_Task to complete_
Would you reproduce each of the records below precisely, with the pictures left out?

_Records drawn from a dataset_
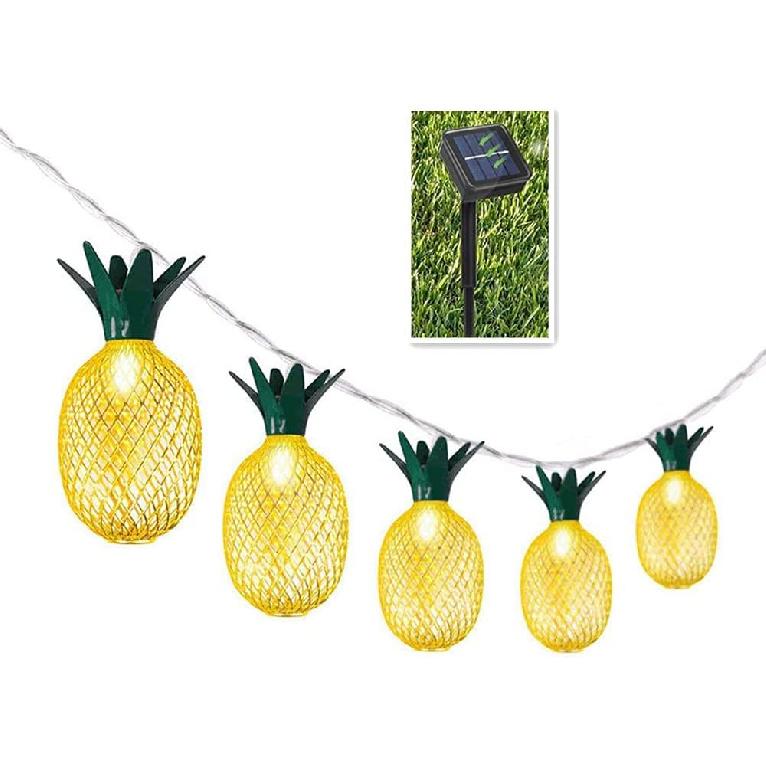 Pineapple Solar String Lights - BIMEE 11.5FT 10LED Waterproof Solar Powered Fairy String Lights Hanging Lights for Outdoor Garden Patio Landscape
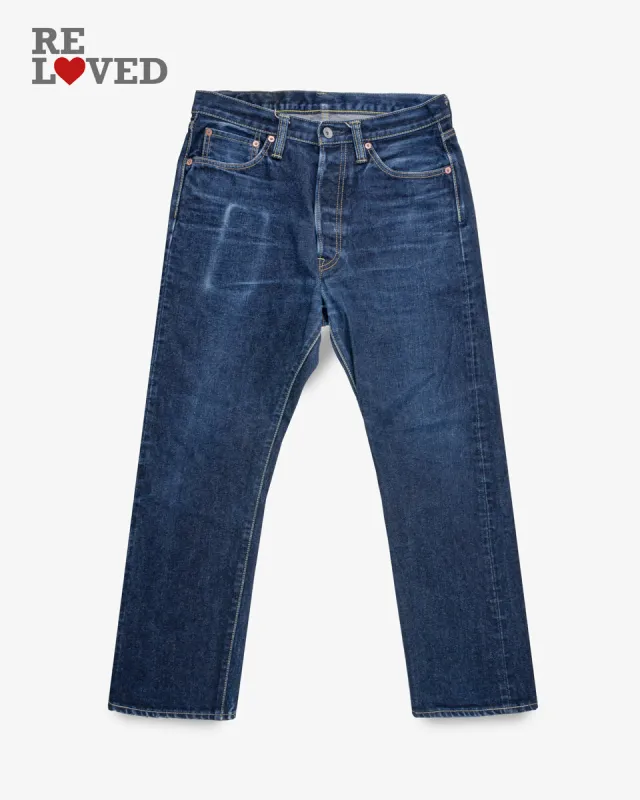 14oz Selvedge Denim Medium/High Rise Tapered Cut Jeans - Indigo (IH-888S-142) Tag 33, Hemmed to 27.1" sold by Iron Heart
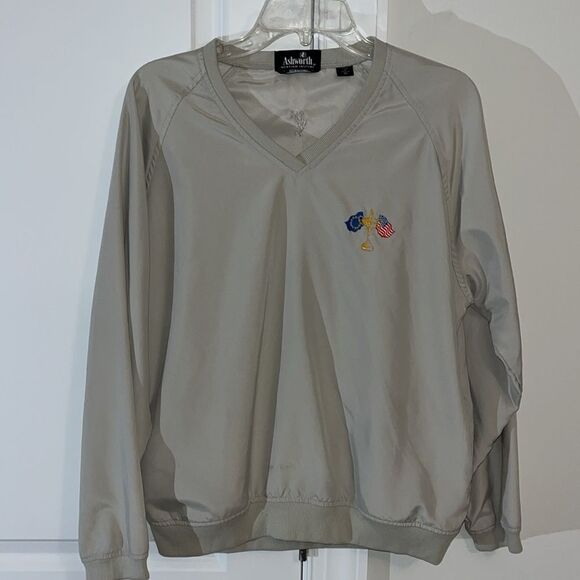 Vintage Ashworth Ryder Cup Blue Team USA Pullover retro beige Golf Wind Shirt ⛳️ - Picture 1 of 5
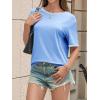 imageCicy Bell Womens Summer Crew Neck T Shirts Casual Short Sleeve Loose Fit Tunic Tops Color Block Basic Tee TopLight Blue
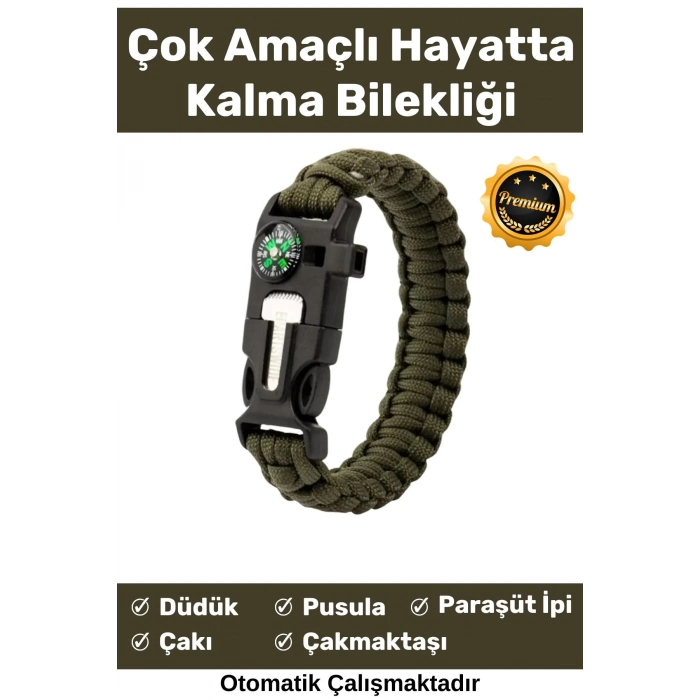Özel Üretim Kiti Düdük Çakı Pusula Çakmaktaşı Paraşüt İpi Rahat Çok Amaçlı Hayatta Kalma Bilekliği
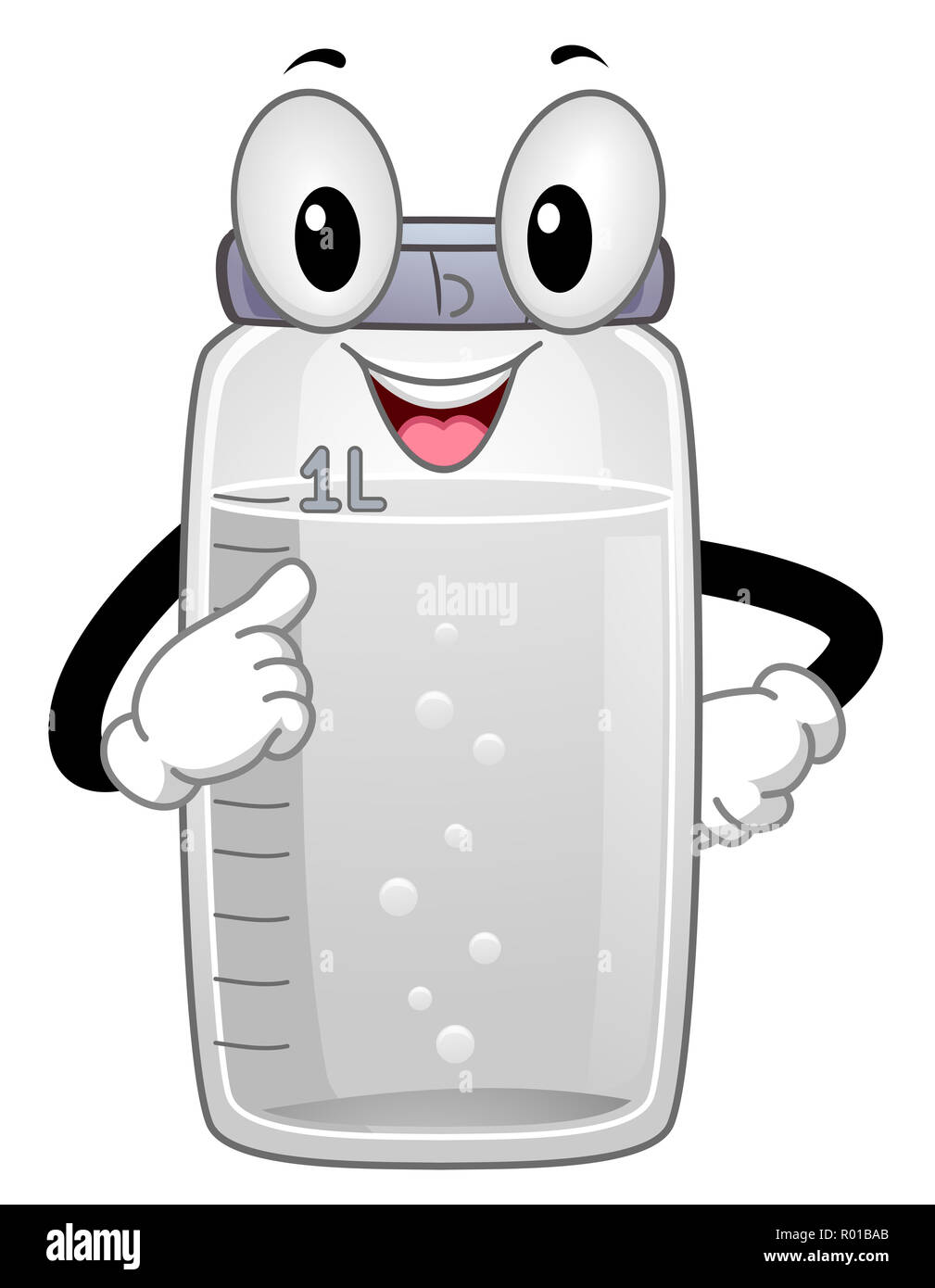 Illustration of a One Liter Bottle Mascot Full of Liquid Inside Stock Photo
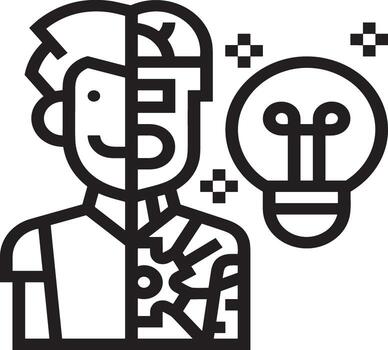Artificial Intelligence icon symbol vector image. Illustration of the brain robot learning human smart algorithm design image.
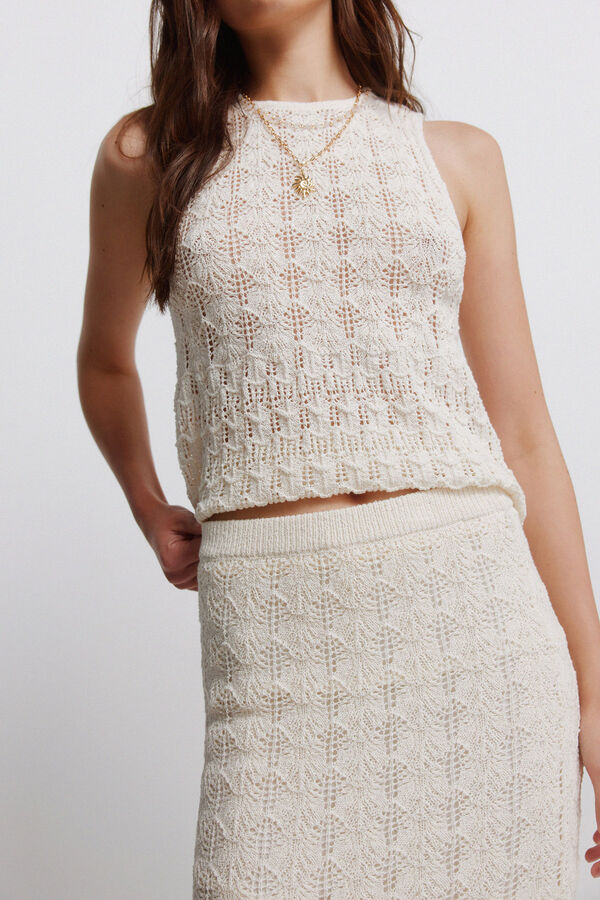 Springfield Pointelle skirt beige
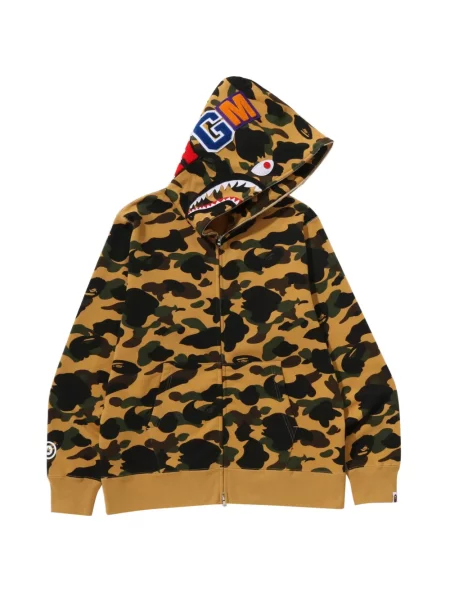 Hanorac cu glugă A Bathing Ape® cu imagine cu model camuflaj galben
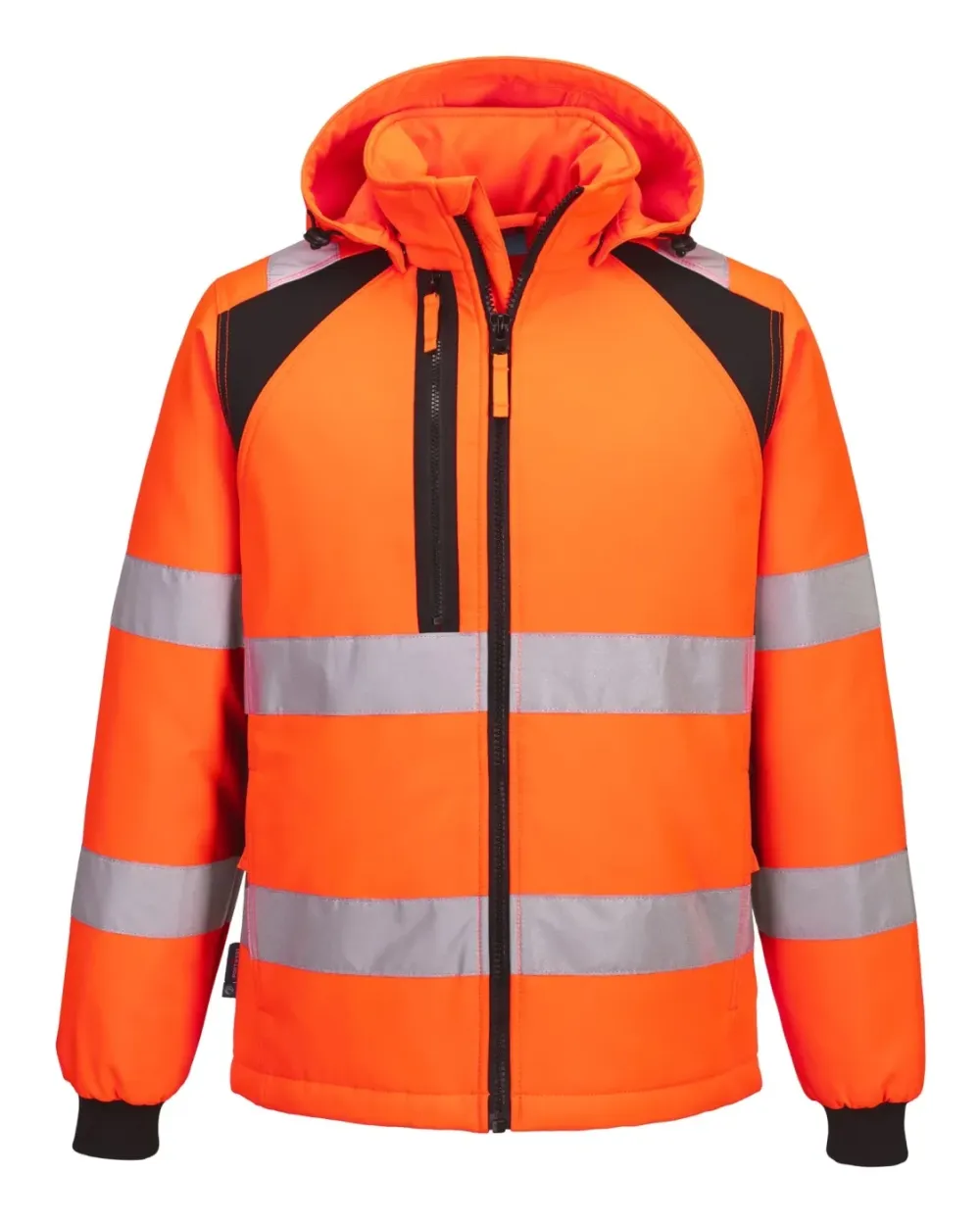 Portwest CD809 WX2 Hi-Vis gevoerd Softshell 2 (L) Oranje/zwart voorkant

_Response area_
 Pineapple Solar String Lights - BIMEE 11.5FT 10LED Waterproof Solar Powered Fairy String Lights Hanging Lights for Outdoor Garden Patio Landscape
 14oz Selvedge Denim Medium/High Rise Tapered Cut Jeans - Indigo (IH-888S-142) Tag 33, Hemmed to 27.1" sold by Iron Heart
 Vintage Ashworth Ryder Cup Blue Team USA Pullover retro beige Golf Wind Shirt ⛳️ - Picture 1 of 5
 imageCicy Bell Womens Summer Crew Neck T Shirts Casual Short Sleeve Loose Fit Tunic Tops Color Block Basic Tee TopLight Blue
Özel Üretim Kiti Düdük Çakı Pusula Çakmaktaşı Paraşüt İpi Rahat Çok Amaçlı Hayatta Kalma Bilekliği
 Illustration of a One Liter Bottle Mascot Full of Liquid Inside Stock Photo
Artificial Intelligence icon symbol vector image. Illustration of the brain robot learning human smart algorithm design image.
 Springfield Pointelle skirt beige
 Hanorac cu glugă A Bathing Ape® cu imagine cu model camuflaj galben
 Portwest CD809 WX2 Hi-Vis gevoerd Softshell 2 (L) Oranje/zwart voorkant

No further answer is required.